What you need to do ▸
Please copy, exactly as written, the span from the first line below to the line that contains "Quilted Lounge Sweatshirt-140", including both, and skip the pictures.
┌─ Excerpted records
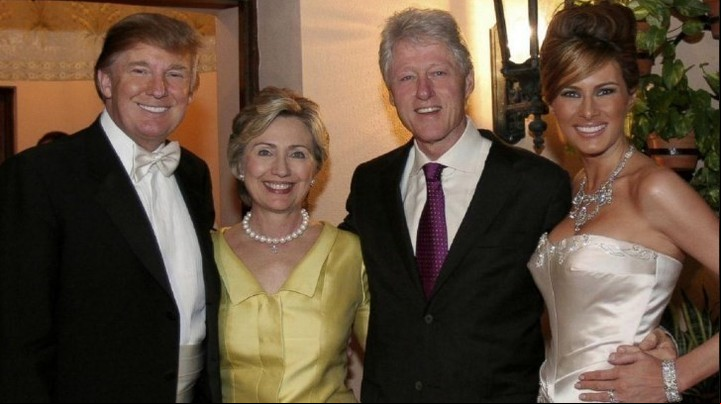 El presidente de los Estados Unidos Donald Trump, su esposa Melania, Bill y Hillary Clinton.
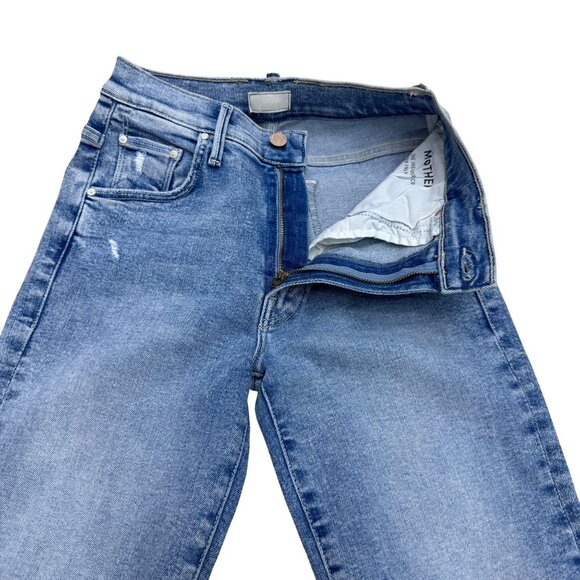 Mother The Insider Crop Step Fray Blue Jean Women's Denim Pants, Size 27 - Picture 4 of 11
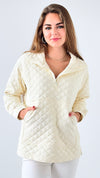 Quilted Lounge Sweatshirt-140 Sweaters-Mono B-Coastal Bloom Boutique, find the trendiest versions of the popular styles and looks Located in Indialantic, FL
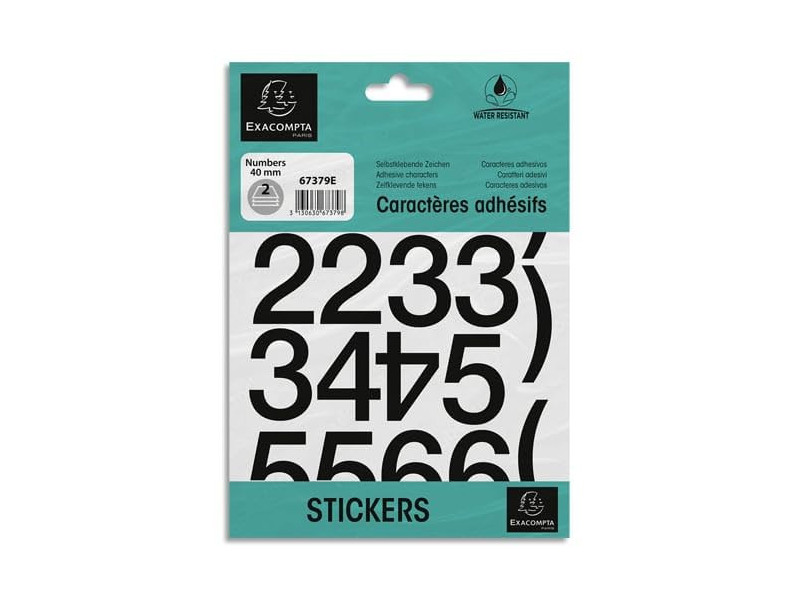 EXACOMPTA Chiffres auto-ashésifs 0-9, 40 mm, noir
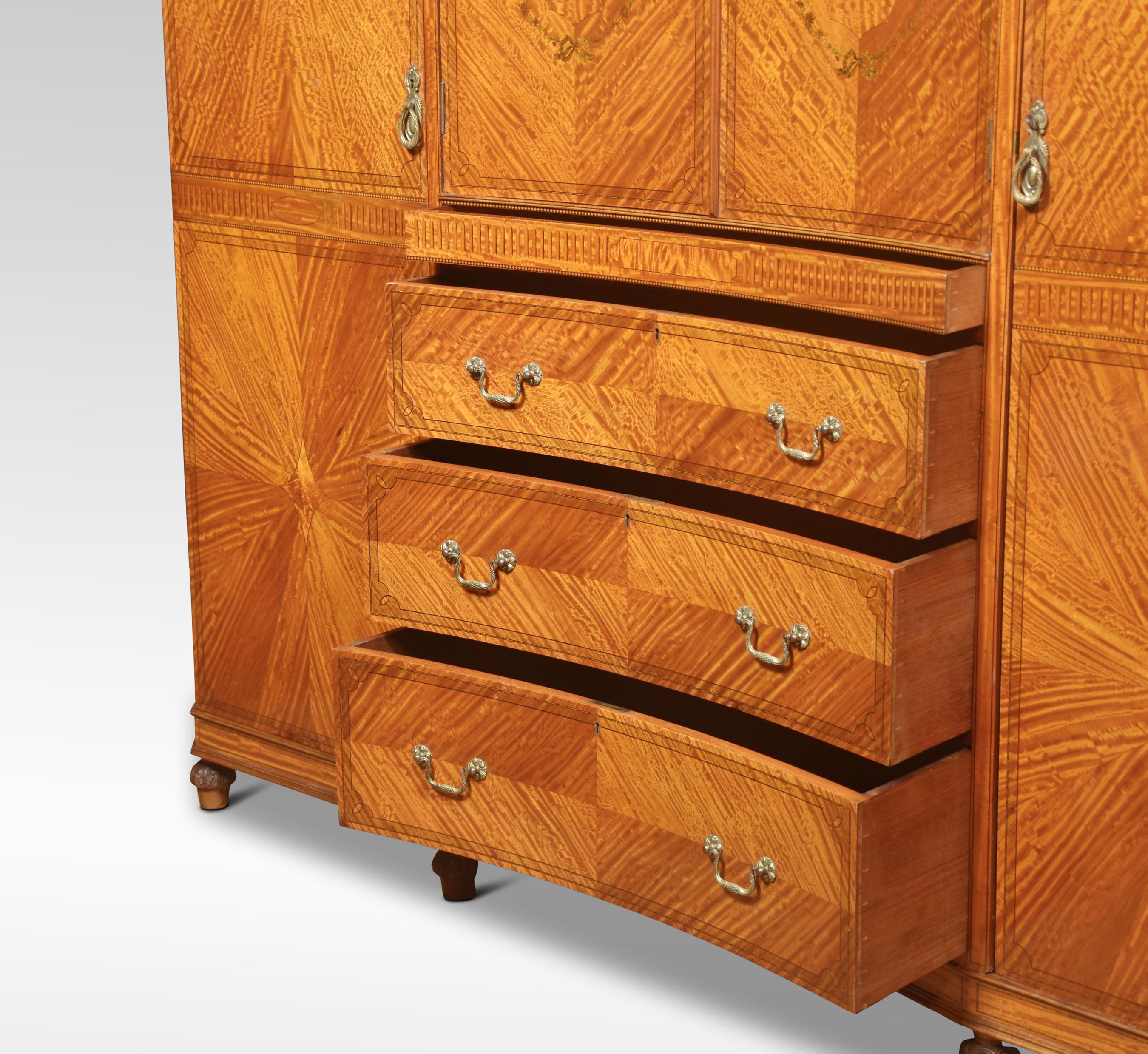 Satinwood concaved Compactum Wardrobe For Sale 7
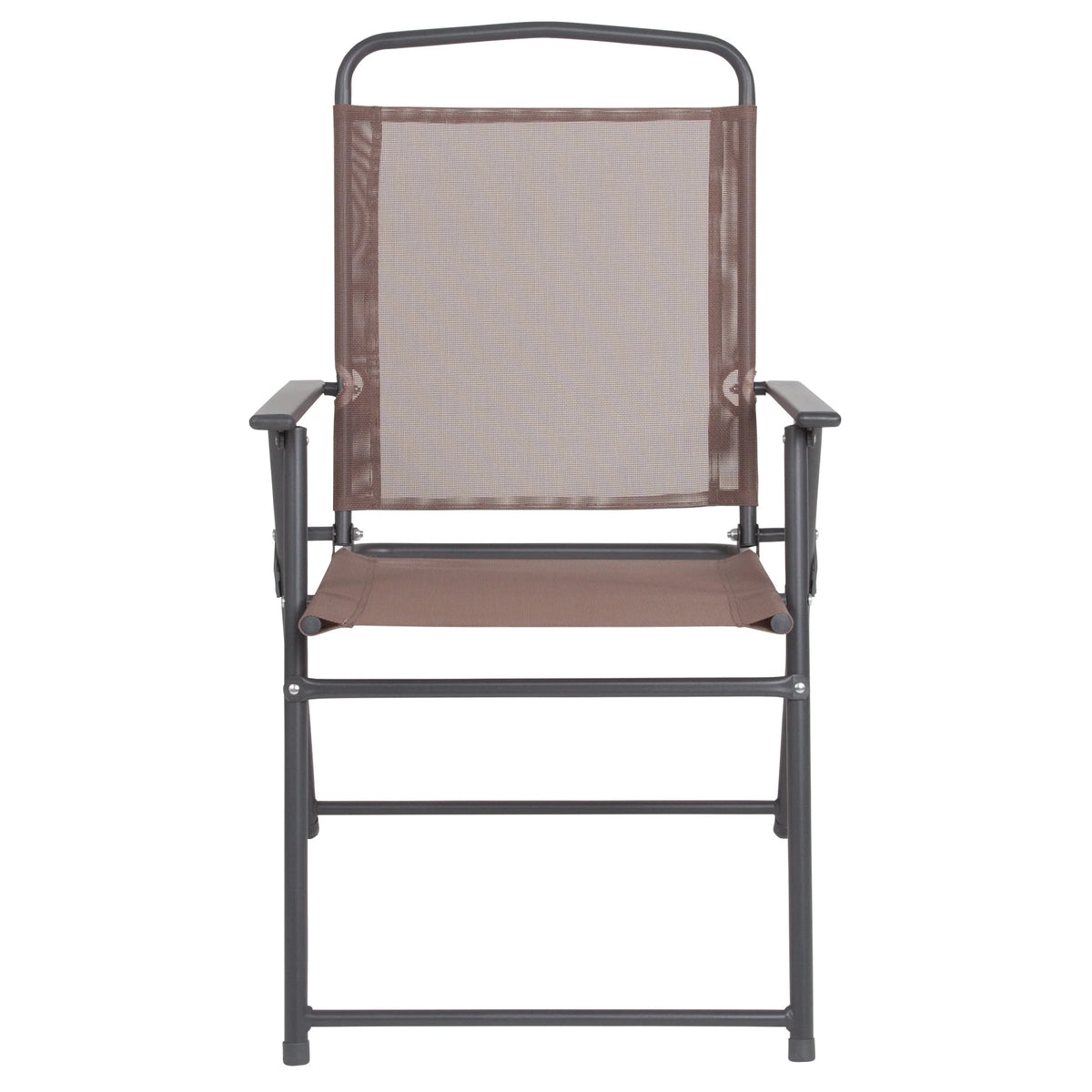 Flash Furniture Nantucket 6 Piece Black Patio Garden Set with Umbrella Table and Set of 4 Folding Chairs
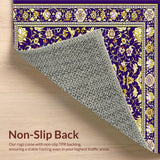 Ultra Soft Area Rug, Non Slip, Stain Resistant, Washable Area Rugs for Living Room, Bedroom, Elegant Floral Area Featuring Intricate Purple And Gold(Purple)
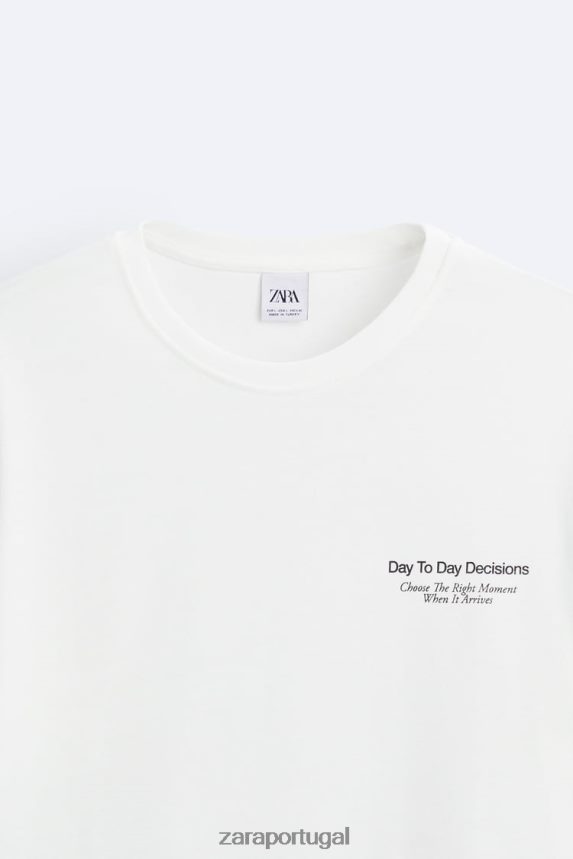 camiseta com fotografia impressa homens Zara ostra branca Z2080L1192 roupas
└─
Answer section ▸
 El presidente de los Estados Unidos Donald Trump, su esposa Melania, Bill y Hillary Clinton.
 Mother The Insider Crop Step Fray Blue Jean Women's Denim Pants, Size 27 - Picture 4 of 11
 Quilted Lounge Sweatshirt-140 Sweaters-Mono B-Coastal Bloom Boutique, find the trendiest versions of the popular styles and looks Located in Indialantic, FL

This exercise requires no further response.